Ее отца я часто посылал по делам в Ливерпуль, а иногда и в Уайтхейвен, потому что, обосновавшись, и, как я думал, окончательно, на севере Англии, я распорядился, чтобы часть моего имущества при первой возможности переправили морем в один из двух городов, куда плыть экипажу капера было гораздо безопаснее - ведь война все еще продолжалась, - чем через Ла-Манш в Лондон.
В конце концов я вообразил, что эта девушка вполне мне подходит, а заметив, как хороша она с детьми и как горячо они ее любят, я решил жениться на ней, льстя себя надеждой, что если две благородные дамы и простая горожанка, на которых я был женат, оказались шлюхами, то в невинной крестьянской девушке я наконец обрету свой идеал.
Я долго рассуждал сам с собой, и ведь и раньше я вступал в брак только по зрелому размышлению, исключением была лишь вторая женитьба, но на сей раз я принял решение после четырех месяцев серьезных раздумий, и именно эта осмотрительность испортила все дело.

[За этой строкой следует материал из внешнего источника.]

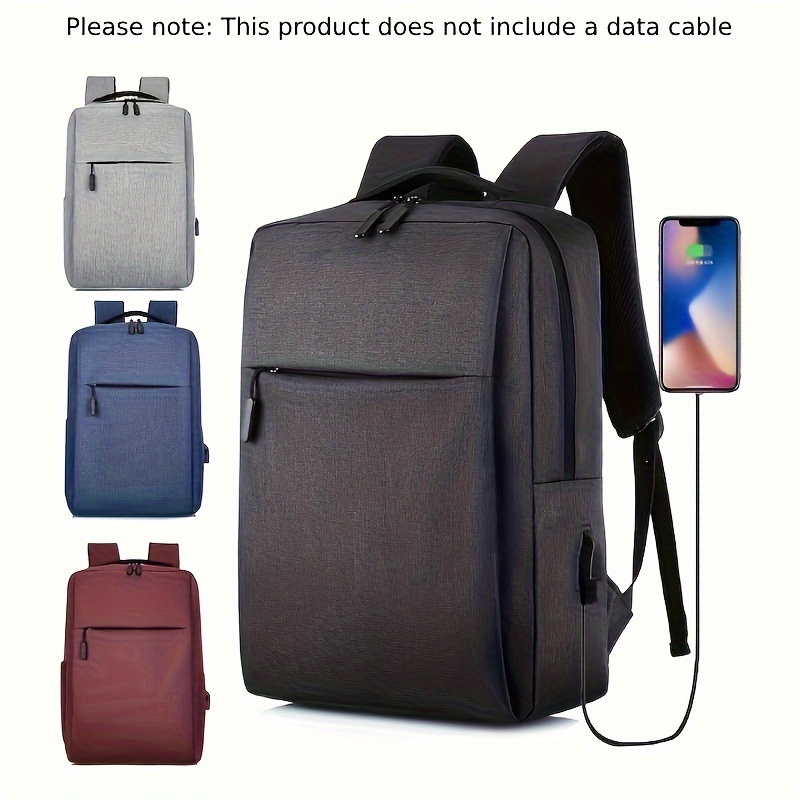 

Business Backpack, Men's Simple Solid Color Schoolbag, Outdoor Business Trip Office Computer Bag, Casual Student Backpack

Итак, приняв решение, я в один прекрасный день пригласил проходившую мимо моей двери мисс Маргарет к себе в гостиную и сказал, что хочу с ней поговорить. Она охотно вошла, но, когда я предложил ей сесть, вспыхнула, потому что я указал ей на стул рядом с собой.

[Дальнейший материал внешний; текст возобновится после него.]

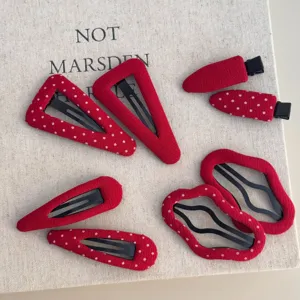 Koreaanse stijl rode stippen stoffen haarspelden schattige mode haaraccessoires voor dames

Я не разводил особых церемоний, а просто сказал ей, что давно заметил, как добра и нежна она к моим детям и как все они любят ее, и что я намерен, если мы с ней придем к согласию, сделать ее их матерью, при условии, что она ни с кем не помолвлена. Девушка сидела молча, не говоря ни слова, пока я не сказал: "Если она ни с кем не помолвлена", - а я, не обращая на это внимания, продолжал: "Послушай, Могги (такое имя принято в деревне), если ты кому-нибудь уже дала обещание, то скажи мне". Дело в том, что, как всем было известно, некий молодой человек, порочный сын одного доброго священника, два или три года увивался вокруг нее, добивался ее любви, но, по-видимому, никак не мог ее уломать.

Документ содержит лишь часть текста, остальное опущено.